Figure 17.6 shows one possible order in which the actual outputs took place in both the database system and the log as a result of the execution of T0 and T1. Notice that
this order could not be obtained in the deferred-modification technique of Section 17.4.1.
Using the log, the system can handle any failure that does not result in the loss of information in nonvolatile storage. The recovery scheme uses two recovery procedures:
• undo(Ti) restores the value of all data items updated by transaction Ti to the old values.
• redo(Ti) sets the value of all data items updated by transaction Ti to the new values.
The set of data items updated by Ti and their respective old and new values can be found in the log.
The undo and redo operations must be idempotent to guarantee correct behavior even if a failure occurs during the recovery process.
After a failure has occurred, the recovery scheme consults the log to determine which transactions need to be redone, and which need to be undone:
• Transaction Ti needs to be undone if the log contains the record <Ti start>, but does not contain the record <Ti commit>.
• Transaction Ti needs to be redone if the log contains both the record <Ti start> and the record <Ti commit>.
As an illustration, return to our banking example, with transaction T0 and T1 executed one after the other in the order T0 followed by T1. Suppose that the system crashes before the completion of the transactions. We shall consider three cases. The state of the logs for each of these cases appears in Figure 17.7.
First, let us assume that the crash occurs just after the log record for the step
write(B)
of transaction T0 has been written to stable storage (Figure 17.7a). When the system comes back up, it finds the record <T0 start> in the log, but no corresponding <T0 commit> record. Thus, transaction T0 must be undone, so an undo(T0) is performed. As a result, the values in accounts A and B (on the disk) are restored to $1000 and $2000, respectively.
Next, let us assume that the crash comes just after the log record for the step
write(C)
of transaction T1 has been written to stable storage (Figure 17.7b). When the system comes back up, two recovery actions need to be taken. The operation undo(T1) must be performed, since the record <T1 start> appears in the log, but there is no record <T1 commit>. The operation redo(T0) must be performed, since the log contains both the record <T0 start> and the record <T0 commit>. At the end of the entire recovery procedure, the values of accounts A, B, and C are $950, $2050, and $700, respectively. Note that the undo(T1) operation is performed before the redo(T0). In this example, the same outcome would result if the order were reversed. However, the order of doing undo operations first, and then redo operations, is important for the recovery algorithm that we shall see in Section 17.6.
Finally, let us assume that the crash occurs just after the log record
<T1 commit>
has been written to stable storage (Figure 17.7c).
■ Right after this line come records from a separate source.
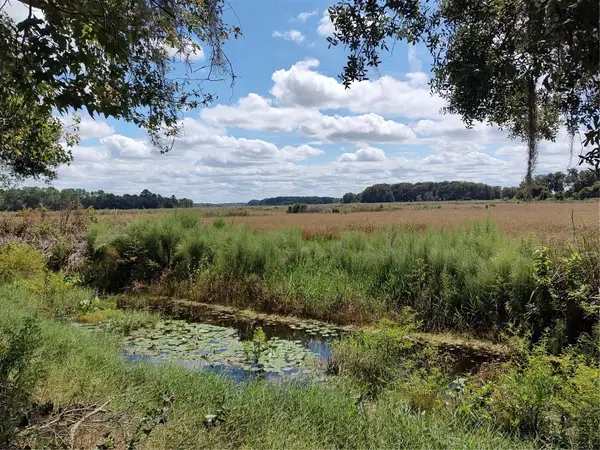 6090 N Bayfront Drive, HERNANDO, FL 34442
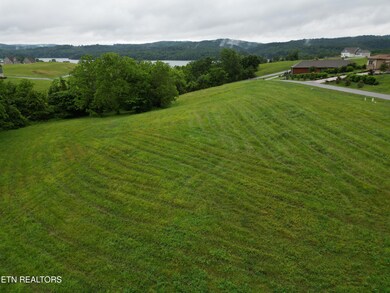 DJI_0171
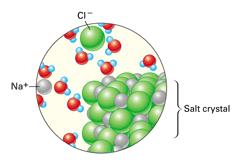 chloride ions attract the hydrogen ends of the water molecules. As a result, water molecules surround each ion, breaking the salt crystal apart in the process.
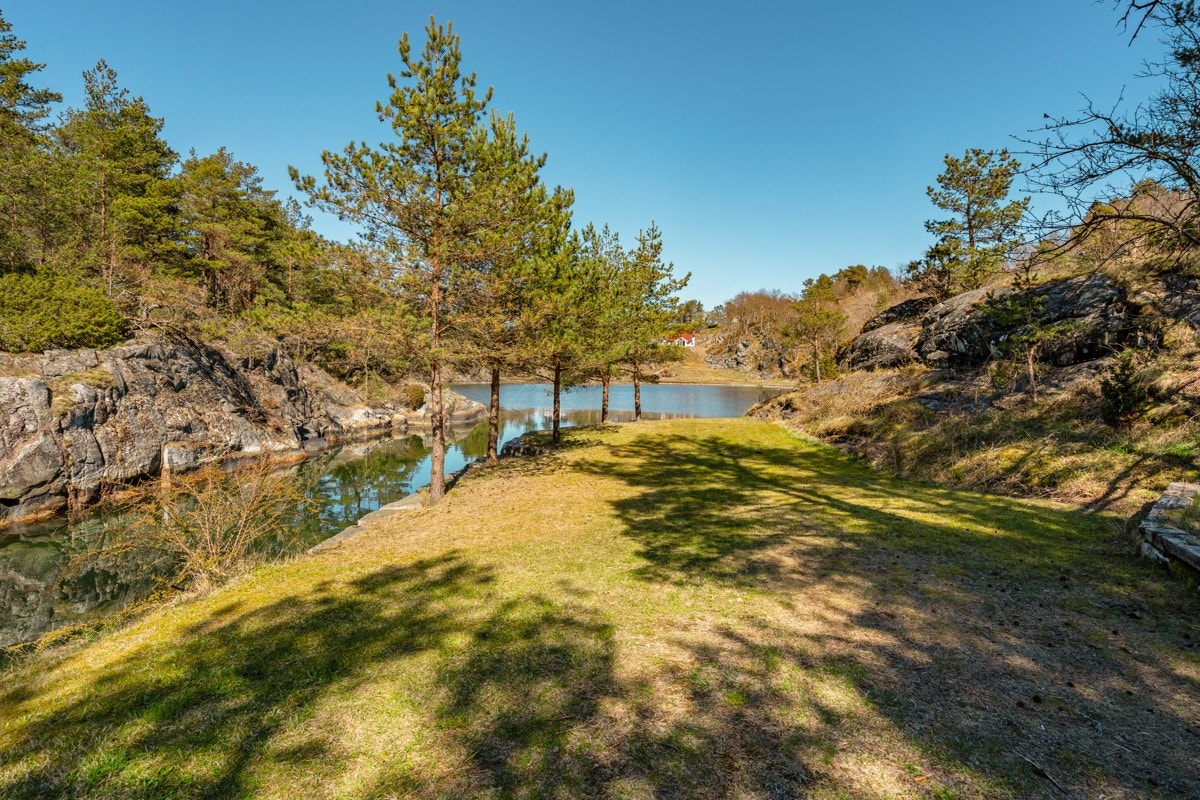 Del av tomten med plenarealer Galleribilde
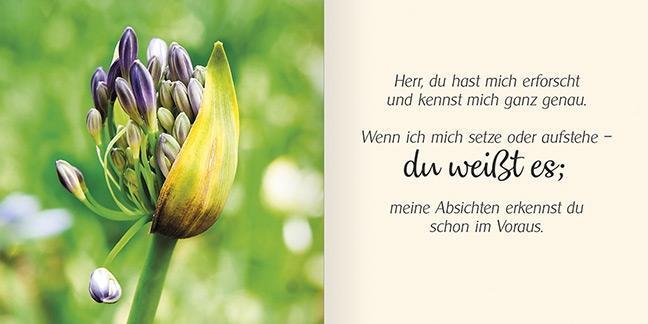 Bild: 9783863382032 | Ich schenke dir Psalm 139 | Du kennst und umgibst mich | Buch | 32 S.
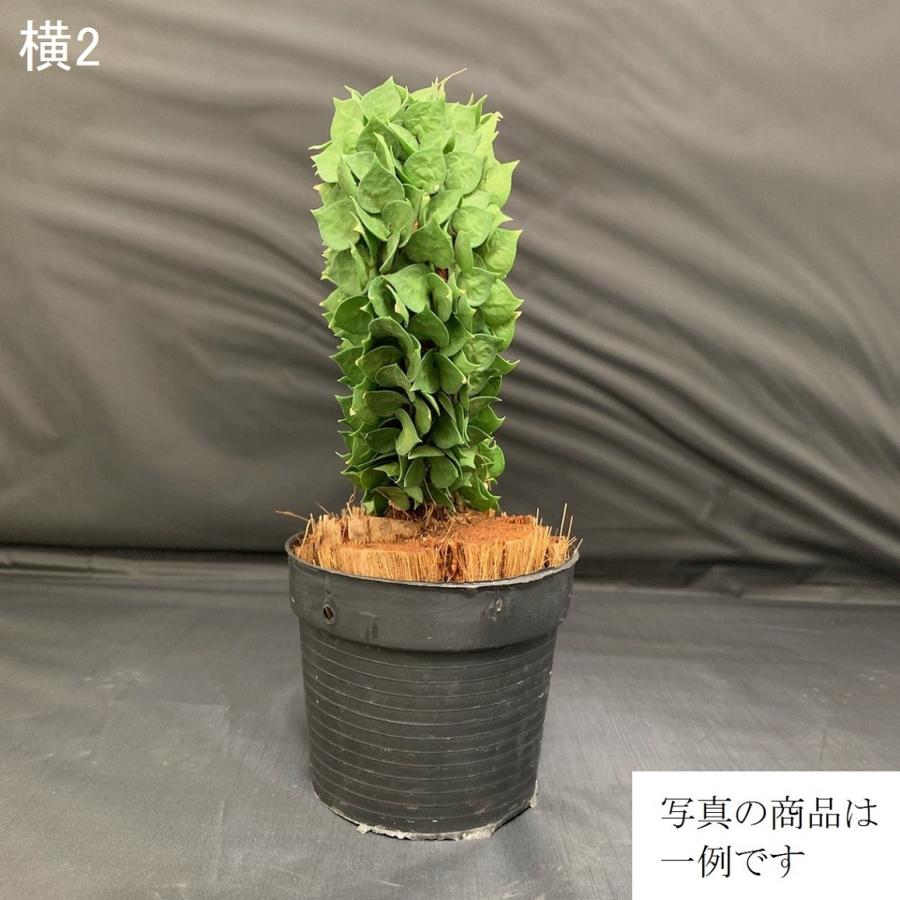 観葉植物 ディスキディア スター ハート型 Kan Hanabisou 通販 Yahoo ショッピング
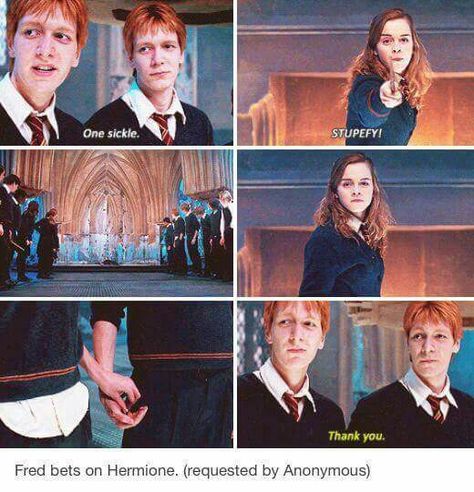 Fremione is adorable but I can't bare to ship it because I would get too emotional. Fred And Hermione, Fred And George Weasley, Images Harry Potter, Harry Potter Ships, Weasley Twins, Fred Weasley, Harry Potter 2, George Weasley, Harry Potter Jokes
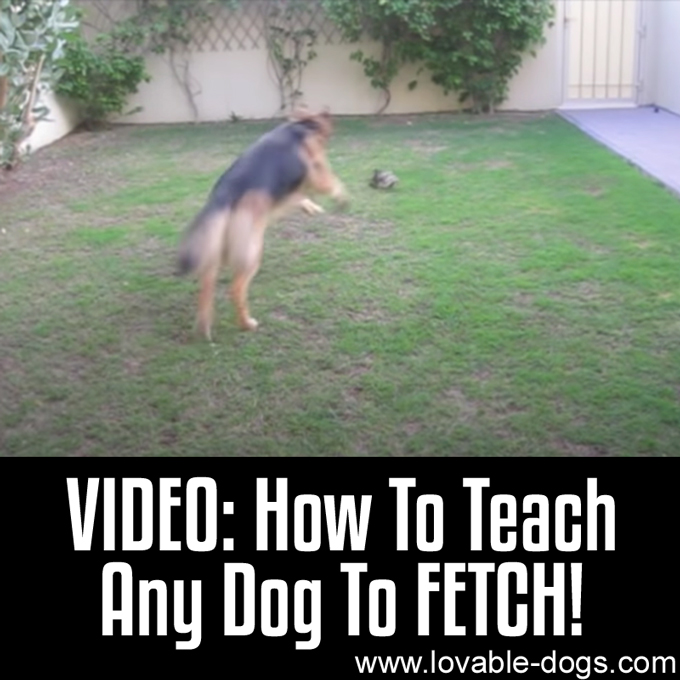 VIDEO- How To Teach Any Dog To FETCH - WP
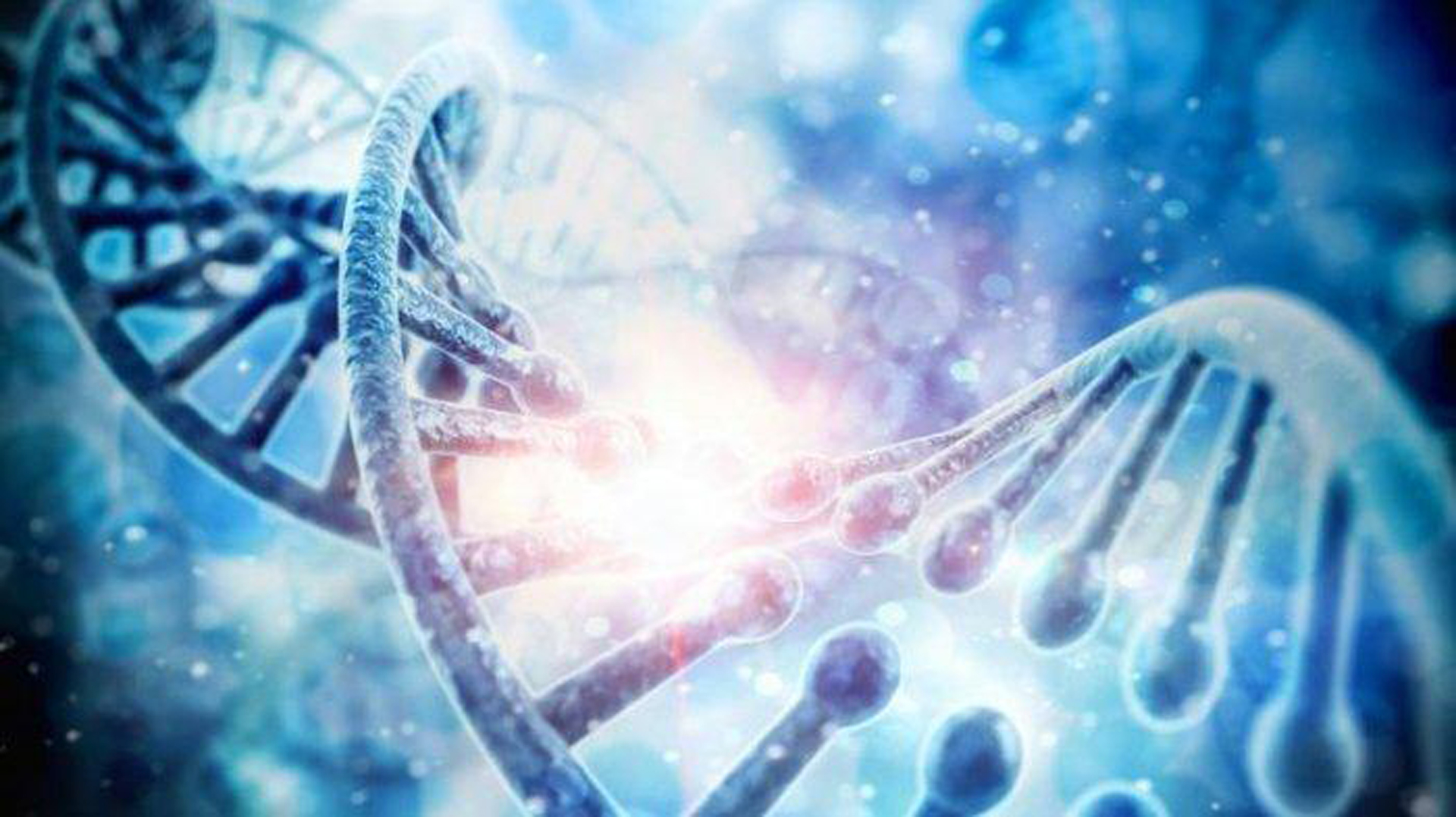 Genetika – Pengertian, Struktur, Substansi, Klasifikasi, Sifat dan Peranan
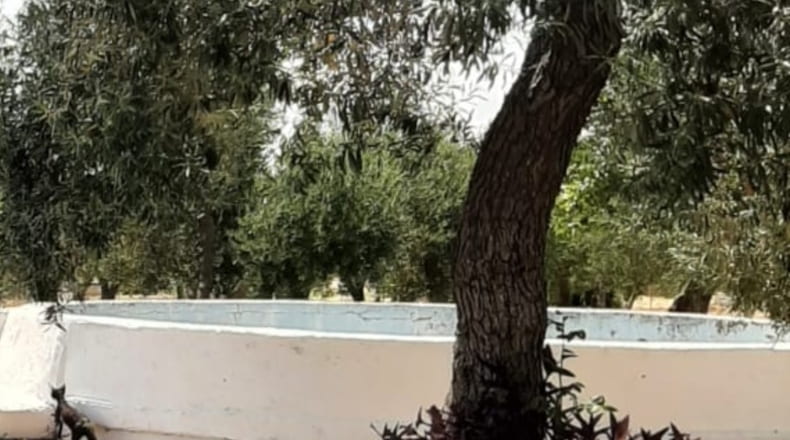 Sevilla - La Campana - 9500m2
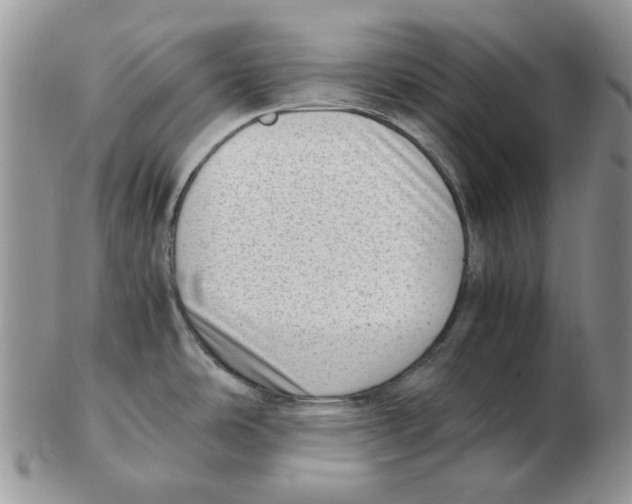 X0000102761486200809151003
When the system comes back up, both T0 and T1 need to be redone, since the records <T0 start> and <T0 commit> appear in the log, as do the records <T1 start> and <T1 commit>. After the system performs the recovery procedures redo(T0) and redo(T1), the values in accounts A, B, and C are $950, $2050, and $600, respectively.
Checkpoints
When a system failure occurs, we must consult the log to determine those transactions that need to be redone and those that need to be undone. In principle, we need to search the entire log to determine this information. There are two major difficulties with this approach:
1. The search process is time consuming.
2. Most of the transactions that, according to our algorithm, need to be redone have already written their updates into the database. Although redoing them will cause no harm, it will nevertheless cause recovery to take longer.
To reduce these types of overhead, we introduce checkpoints. During execution, the system maintains the log, using one of the two techniques described in Sections 17.4.1 and 17.4.2. In addition, the system periodically performs checkpoints, which require the following sequence of actions to take place:
1. Output onto stable storage all log records currently residing in main memory.
2. Output to the disk all modified buffer blocks.
3. Output onto stable storage a log record <checkpoint>.
Transactions are not allowed to perform any update actions, such as writing to a buffer block or writing a log record, while a checkpoint is in progress.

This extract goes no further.